- [Your task]: What needs transcribing is the line with "May include: A" and every line after it to the end of the records, exactly and alone, with no pictures.

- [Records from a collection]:
########################################

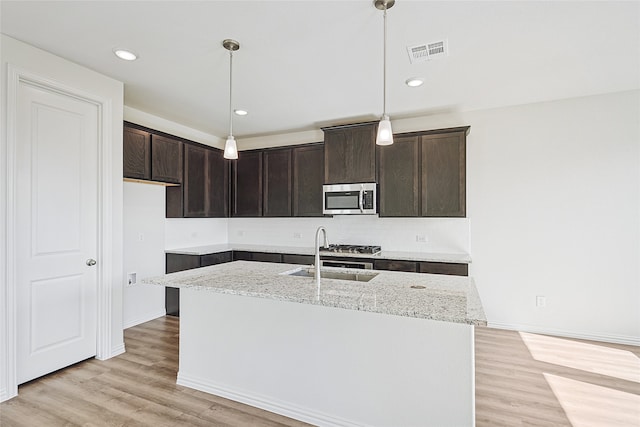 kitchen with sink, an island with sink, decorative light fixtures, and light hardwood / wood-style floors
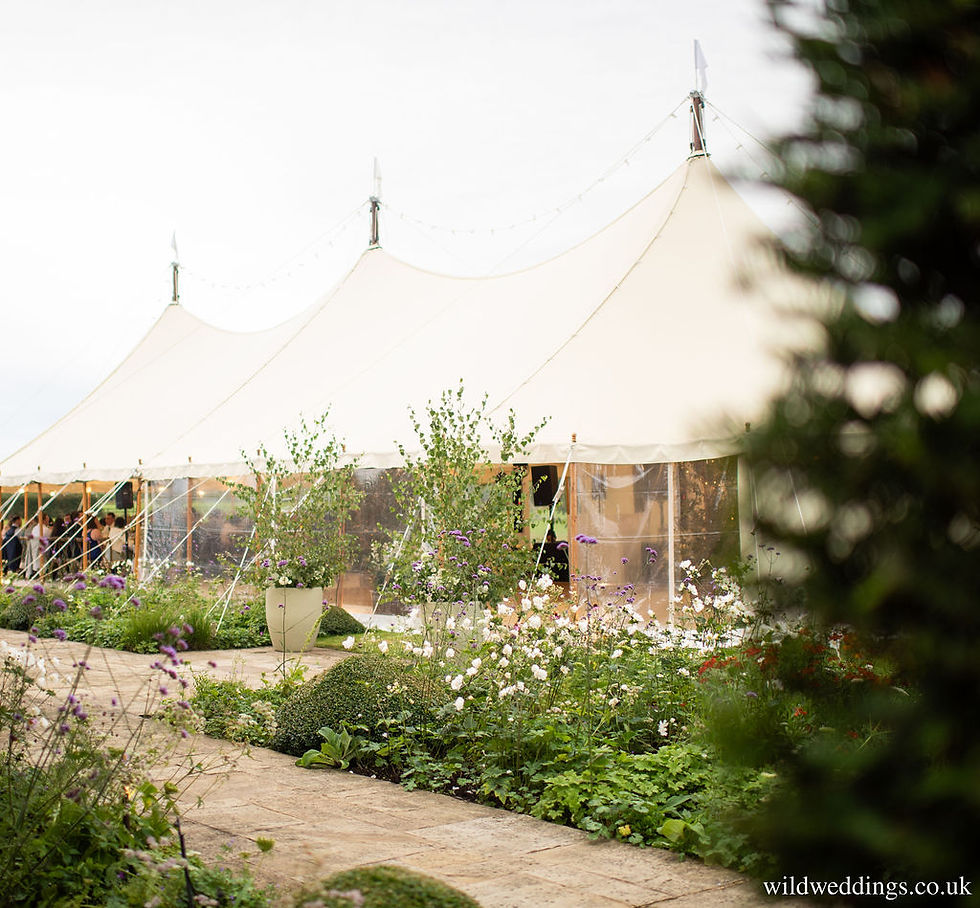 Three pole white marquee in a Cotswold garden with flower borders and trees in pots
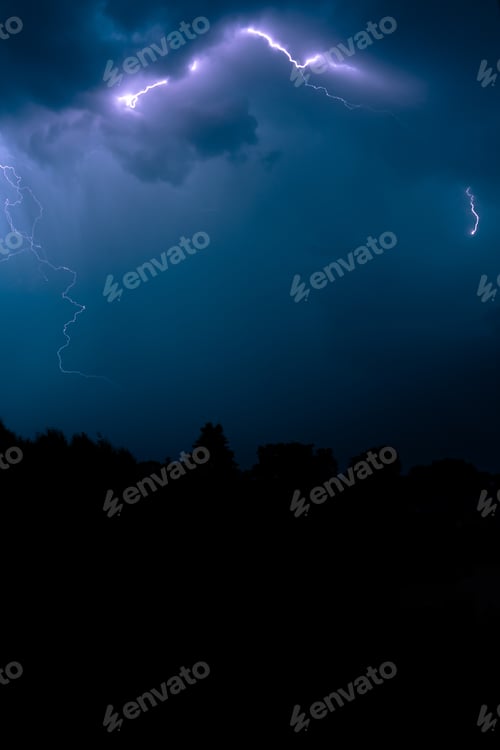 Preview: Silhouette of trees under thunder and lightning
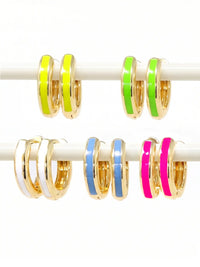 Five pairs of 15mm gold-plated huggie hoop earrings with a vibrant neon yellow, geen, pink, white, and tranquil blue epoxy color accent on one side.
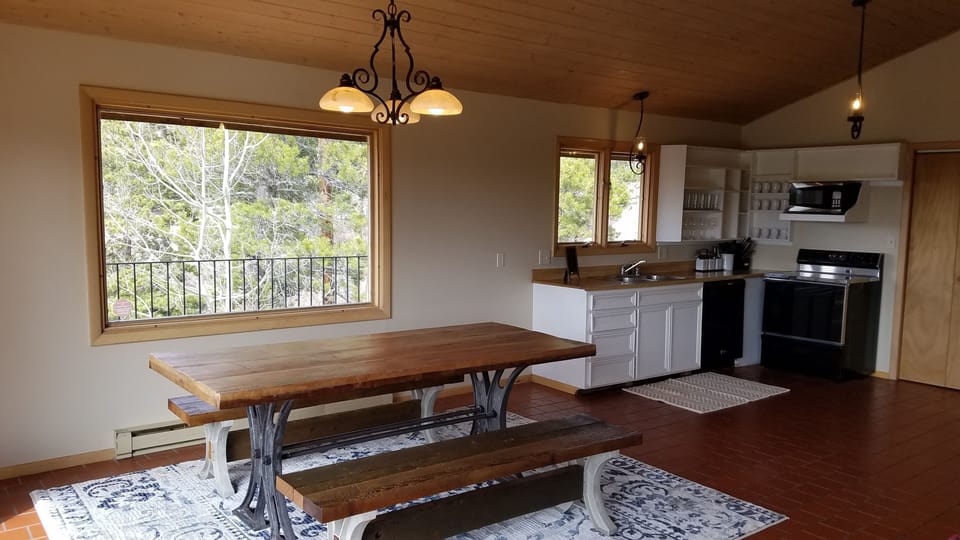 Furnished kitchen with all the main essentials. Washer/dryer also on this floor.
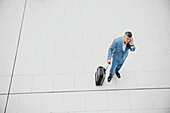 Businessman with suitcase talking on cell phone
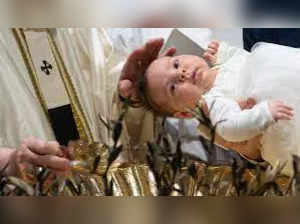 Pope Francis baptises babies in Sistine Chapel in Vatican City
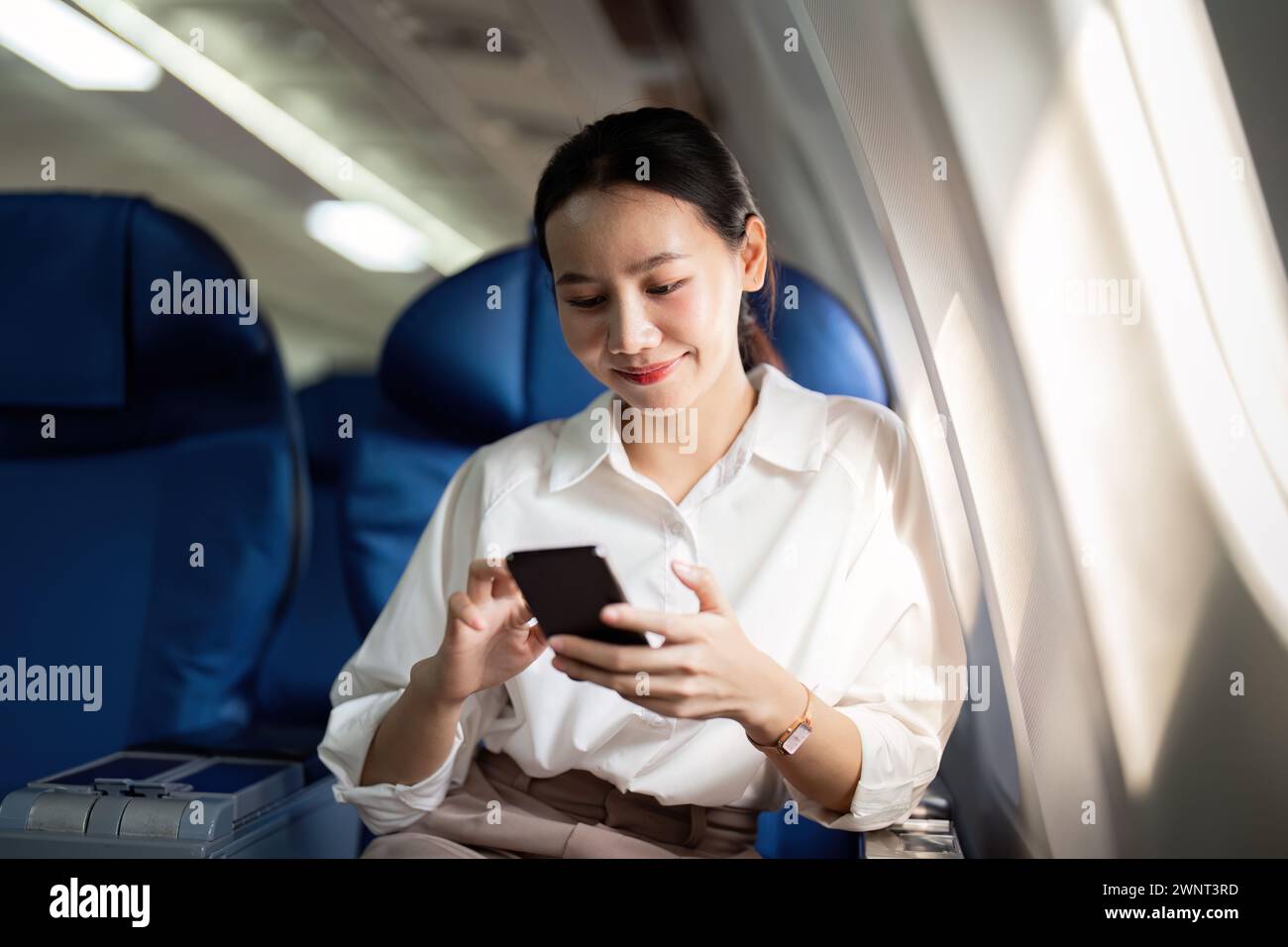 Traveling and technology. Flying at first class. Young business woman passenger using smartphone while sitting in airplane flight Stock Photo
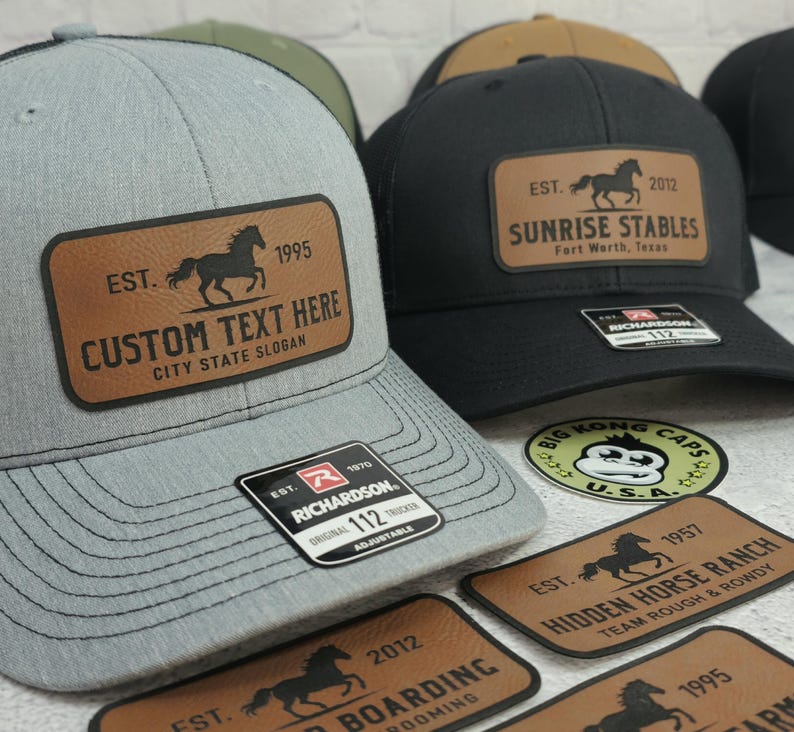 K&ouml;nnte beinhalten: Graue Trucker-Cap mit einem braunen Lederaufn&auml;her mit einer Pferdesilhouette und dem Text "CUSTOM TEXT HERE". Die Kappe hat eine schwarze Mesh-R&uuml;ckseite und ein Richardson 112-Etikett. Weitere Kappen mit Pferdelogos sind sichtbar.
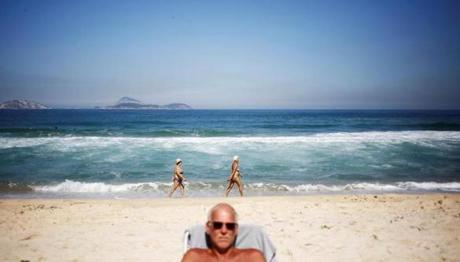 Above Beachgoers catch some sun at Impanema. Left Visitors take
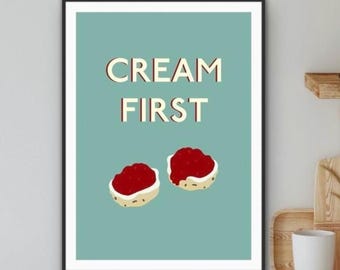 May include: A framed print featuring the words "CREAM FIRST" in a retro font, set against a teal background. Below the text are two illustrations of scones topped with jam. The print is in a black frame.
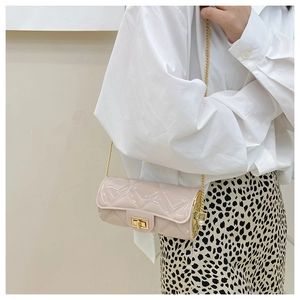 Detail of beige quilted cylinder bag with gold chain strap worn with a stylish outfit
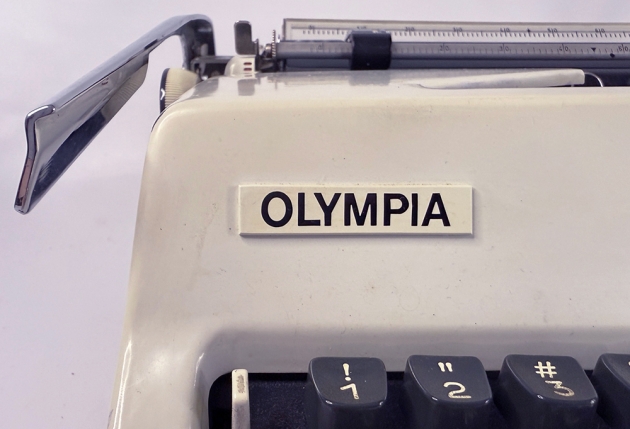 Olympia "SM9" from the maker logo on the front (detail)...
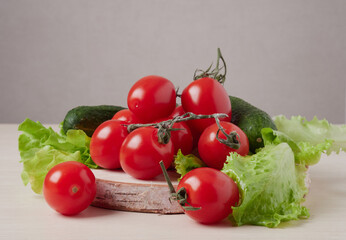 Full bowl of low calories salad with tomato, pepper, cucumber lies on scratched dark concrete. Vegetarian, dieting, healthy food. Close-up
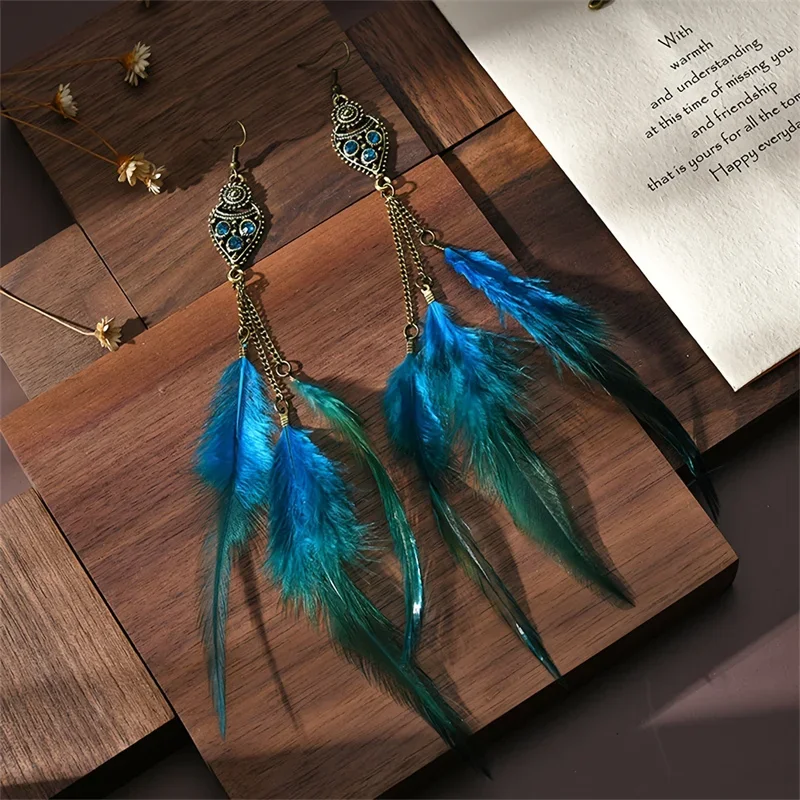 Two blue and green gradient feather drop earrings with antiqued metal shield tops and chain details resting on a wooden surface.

########################################

- [Completed task]:
 May include: A framed print featuring the words "CREAM FIRST" in a retro font, set against a teal background. Below the text are two illustrations of scones topped with jam. The print is in a black frame.
 Detail of beige quilted cylinder bag with gold chain strap worn with a stylish outfit
 Olympia "SM9" from the maker logo on the front (detail)...
 Full bowl of low calories salad with tomato, pepper, cucumber lies on scratched dark concrete. Vegetarian, dieting, healthy food. Close-up
 Two blue and green gradient feather drop earrings with antiqued metal shield tops and chain details resting on a wooden surface.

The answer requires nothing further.